# My butcher is messing with me.



## PoukieBear (Aug 31, 2019)

My butcher shop is a family run business, and “my” butcher and I have bonded over the summer over our common grievances of being in this hobby/business and having people sometimes treat us like a joke.  (He’s a 18-19 year old “kid” in a career dominated by older men)

Anyhow, we’ve got a good relationship, and we always tag each other in our online posts.  Yesterday he posted that the shop has several suckling pigs that he was going cut down, and asked if I had anything planned for the smoker this weekend.

I told him I had an empty smoker, and I’ll let him have “butcher’s choice” on what goes in it.

I went in today to see what he was going to give me, thinking it would be pork.  

NOPE!  That little bugger gave me a lamb shoulder!!!  LOL he knows he’s messing with me, but I’m not going to let him think he’s bested me.

So, I now have a beautiful lamb shoulder with no clue what to do with it.  Help!!!


----------



## 6GRILLZNTN (Aug 31, 2019)

You could always try pulled lamb.


----------



## PoukieBear (Aug 31, 2019)

5GRILLZNTN said:


> You could always try pulled lamb.



I think I’ll go this rough after doing some reading.  Seems easy enough, just like a pork shoulder.

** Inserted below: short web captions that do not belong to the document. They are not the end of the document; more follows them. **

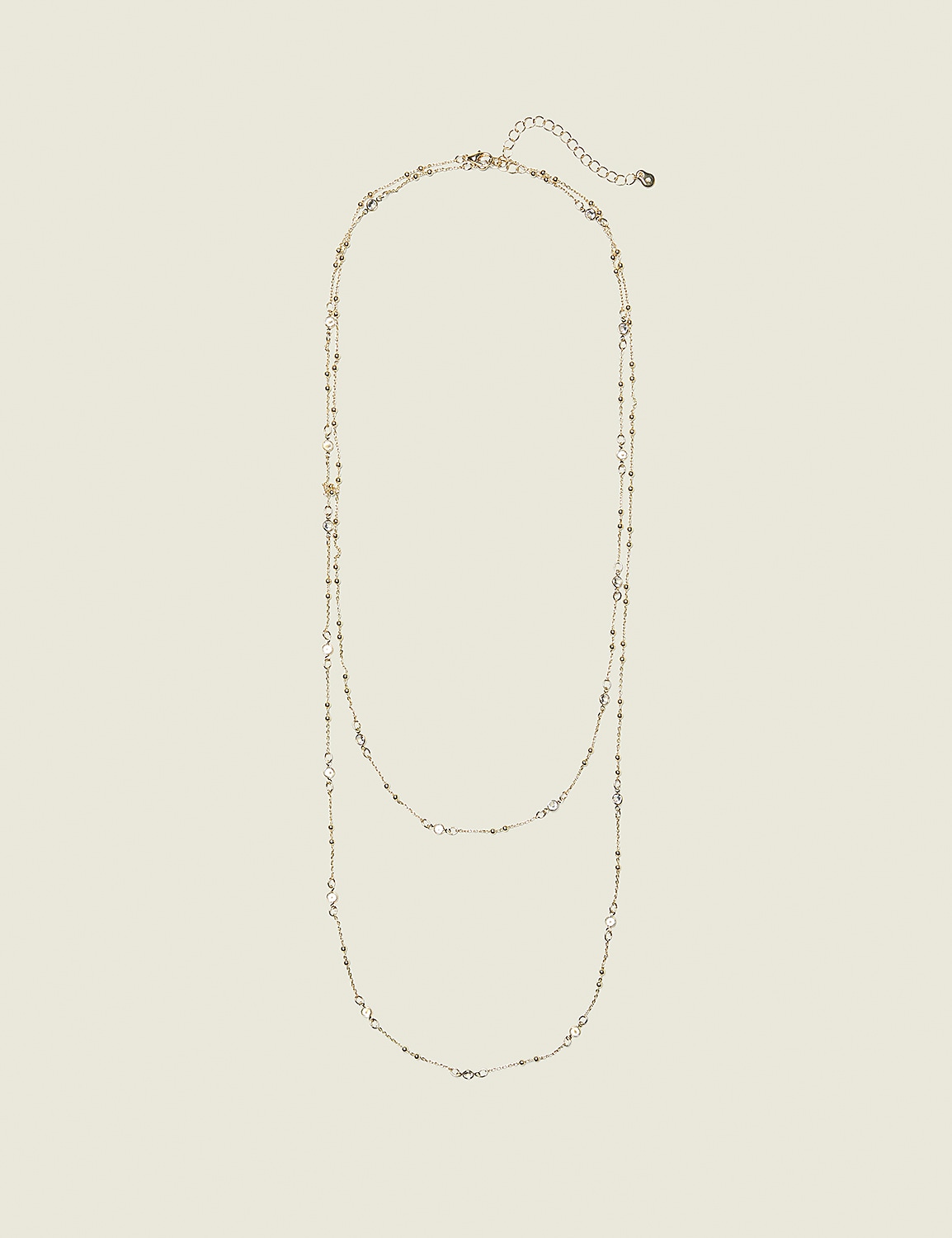 A delicate gold necklace with small charms is laid out against a plain, light beige background. Product Image 1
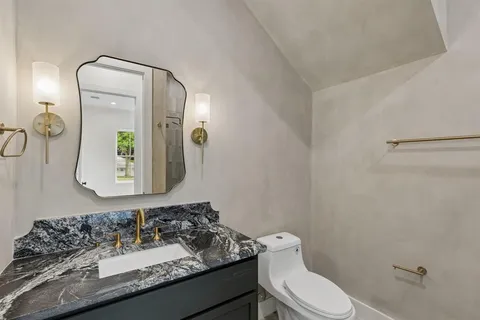 a bathroom with a toilet sink and mirror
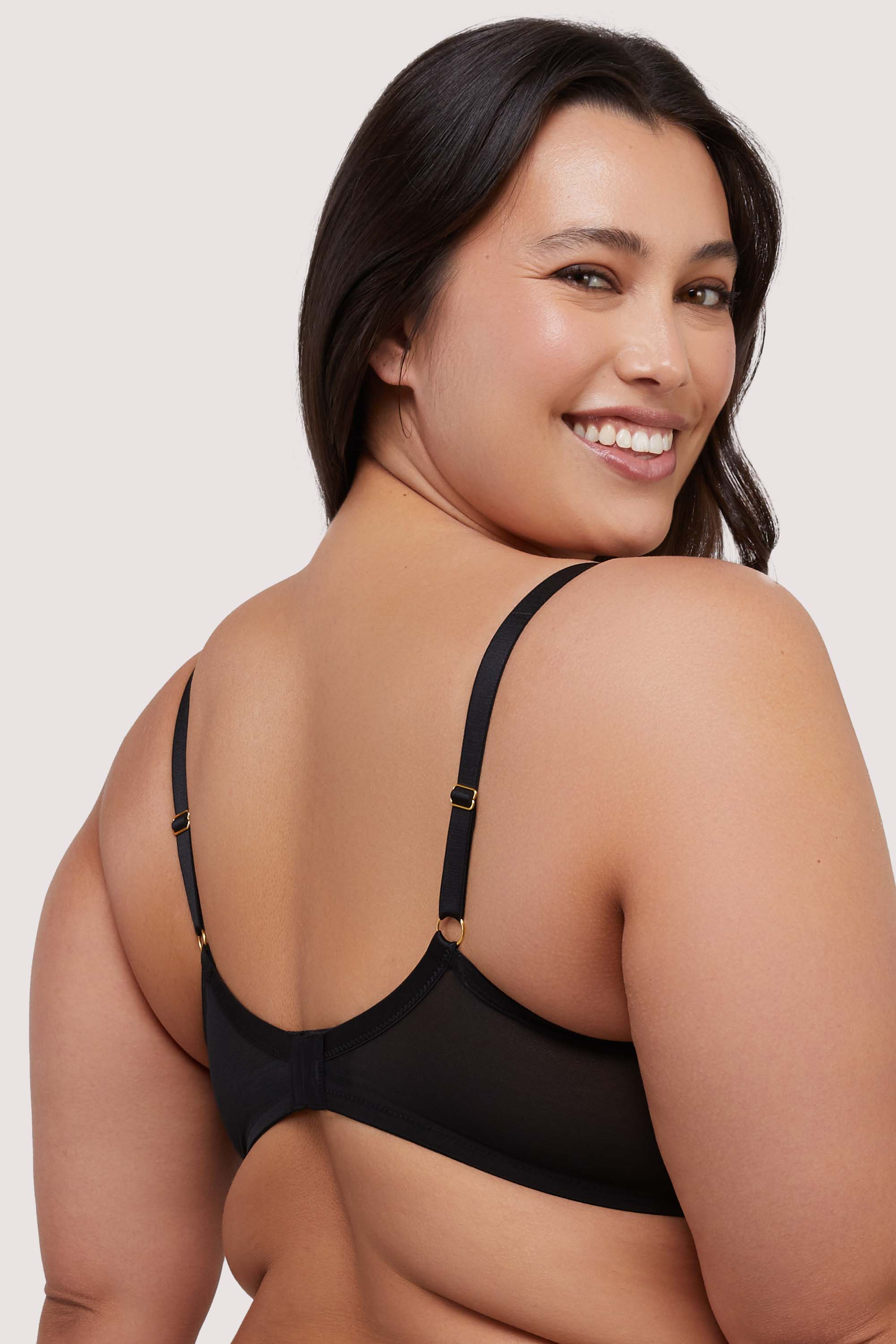 model shows black mesh hook and eye fastening back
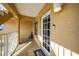 Welcoming porch with a decorative wreath, and a secure door at 1960 Oregon Trl # 2B, Englewood, FL 34224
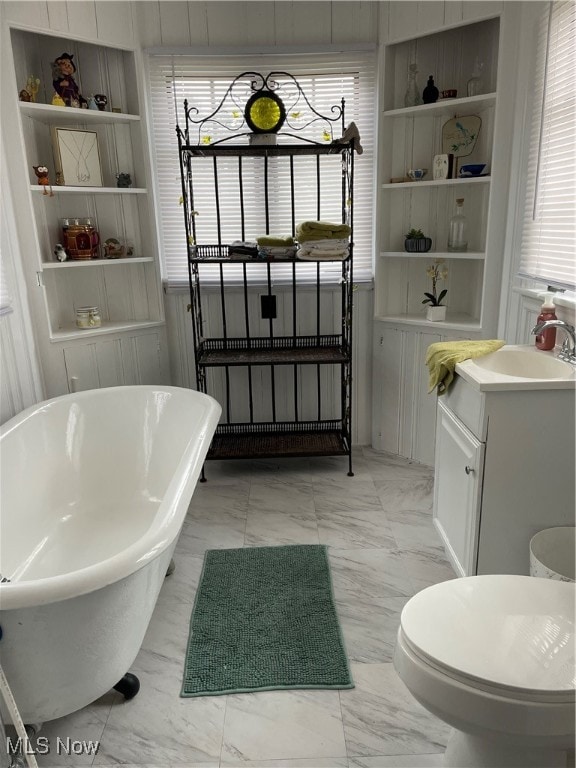 bathroom featuring a tub to relax in, vanity, toilet, and a wealth of natural light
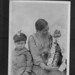 Seated woman holding an infant in a cradle board, with a young boy sitting next to them... / Femme assise tenant un bébé dans un porte-bébé; un jeune garçon est assis à côté d’eux...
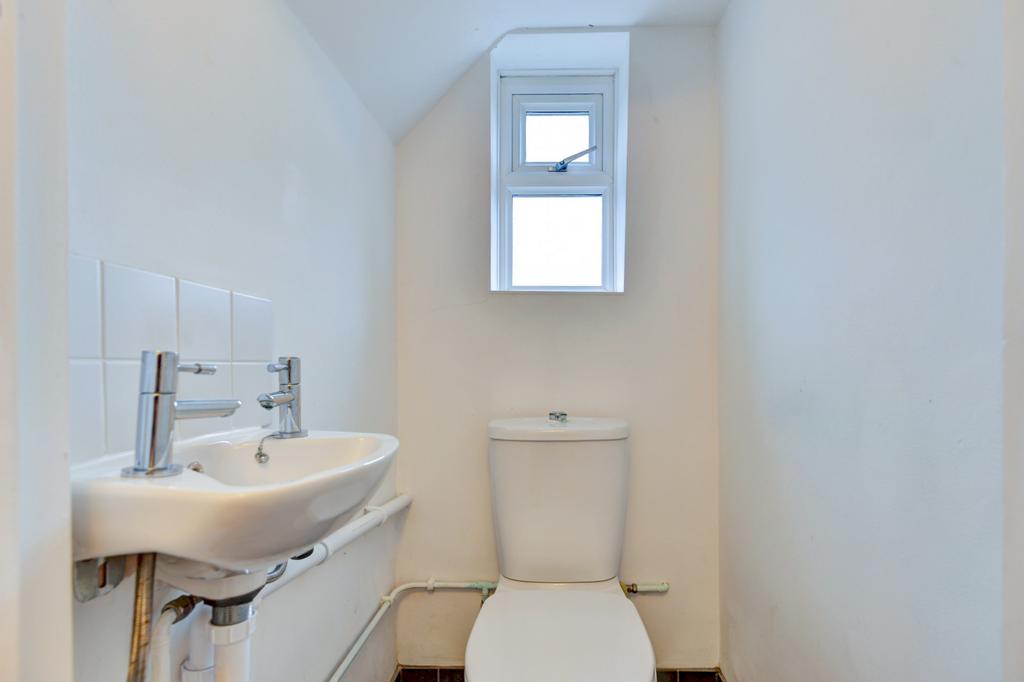 Fresh, modern WC with a compact basin, contempo...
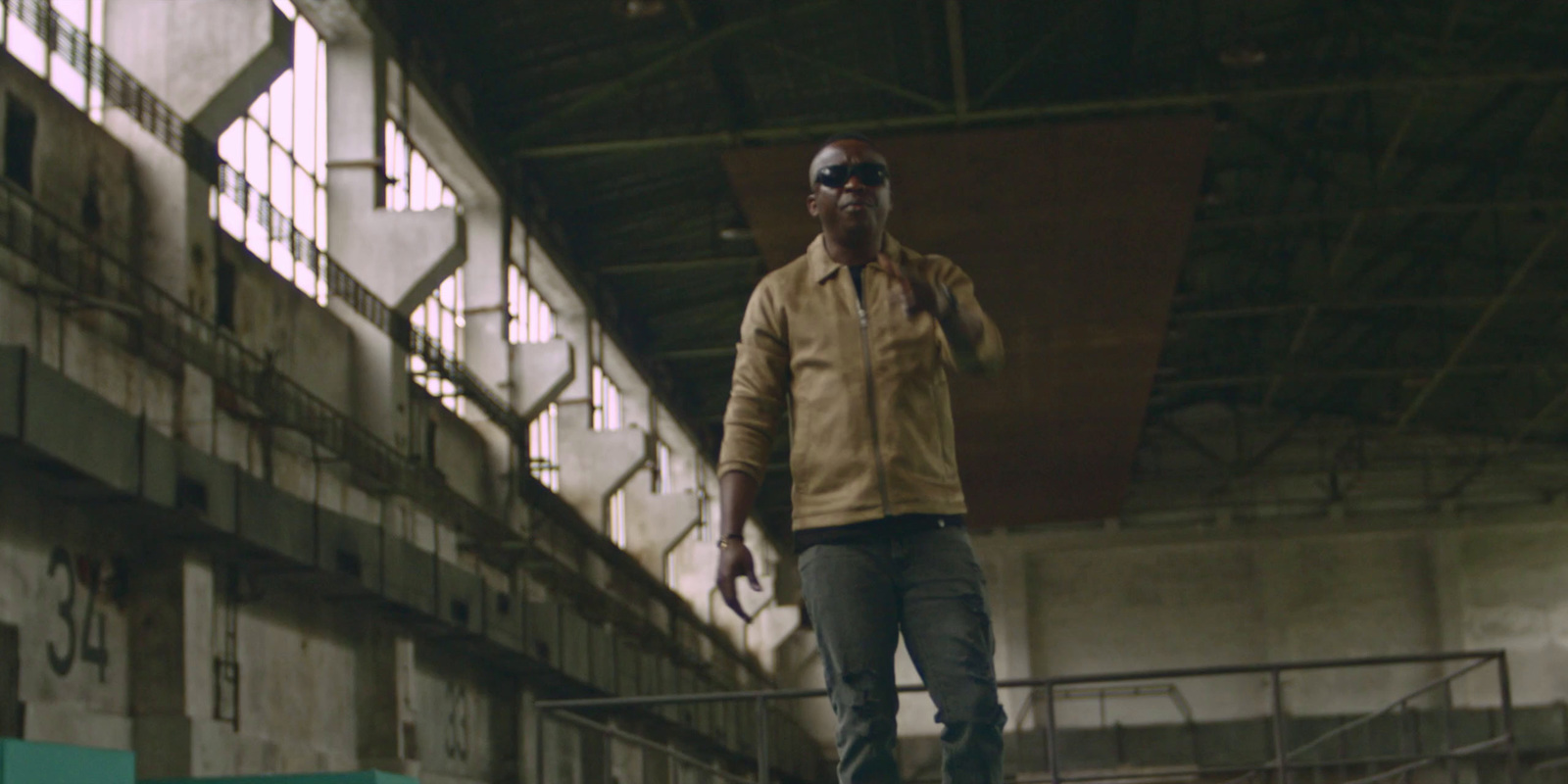 a man standing on a skateboard in a warehouse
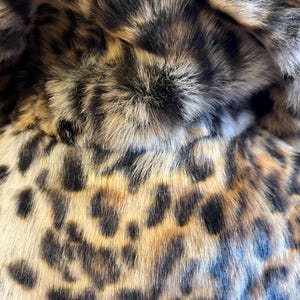 K&ouml;nnte beinhalten: Eine Nahaufnahme eines weichen, strukturierten Stoffes mit einem markanten Leopardenmuster. Das Material zeigt eine Mischung aus beigen, goldbraunen und schwarzen fellartigen Fasern, die ein dichtes, geschichtetes Aussehen mit dunklen Flecken erzeugen.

Any tips on what kind of rub to use?


----------



## 6GRILLZNTN (Aug 31, 2019)

A simple SPOG, and since I'm from the South, a mustard/vinegar based sauce.  Top with a dill pickle and some potato chips.  LOL!  To be honest, I don't have any ideas when it comes to Lamb.  I never have smoked it before.


----------



## smokerjim (Aug 31, 2019)

I like tyme and oregano, salt and pepper


----------



## daveomak (Aug 31, 2019)

Oh my ??  Lucky you... Lamb is sooo good....  I like it cooked to about 130-135...   It can take some heavy spices and herbs...   The meat loves bold flavors...


----------



## pabeef (Aug 31, 2019)

If you haven't picked a wood yet I like the combo of red oak and cherry. The others have you covered on the seasoning.  Some people like lamb with a little mint jelly  a
On the side.  Good luck  and send photos. 

PABEEF


----------



## Lizard1911 (Aug 31, 2019)

I had to sign up, just to comment here  lol  
I did one if these for Easter this year.
Herbs de Provance ground up with some kosher salt.
Mix with pepper, garlic and onion powder to make a rub.
I didn't do any smoke, just on the charcoal until medium rare.
Best leg I've ever done.


----------



## chilerelleno (Aug 31, 2019)

Either would work well with your shoulder.
Baaa'd To the Bone - Leg of Lamb, lemon, herbs and spice
Herb Crusted Boneless Leg of Lamb


----------



## SecondHandSmoker (Sep 1, 2019)

Yep, smoke it just like a pork shoulder to an IT of 195F or probe tender. 
Wrap in foil at 165F.
To infuse flavor down into the meat, make several slits and then stuff with sprigs of fresh rosemary and chunks of fresh garlic in addition to good old fashioned SPOG rub.
Lamb smoked with cherry wood is the bomb.


----------



## PoukieBear (Sep 1, 2019)

Well, that was easy!

Salt, pepper, rosemary, thyme, garlic.
5 hours total on the smoker at 280.  Wrapped it 165 IT, after 2 hours, so it doesn’t have much of a smoke flavour.  I shouldn’t have wrapped it since it was such a short smoke, but Oh well! 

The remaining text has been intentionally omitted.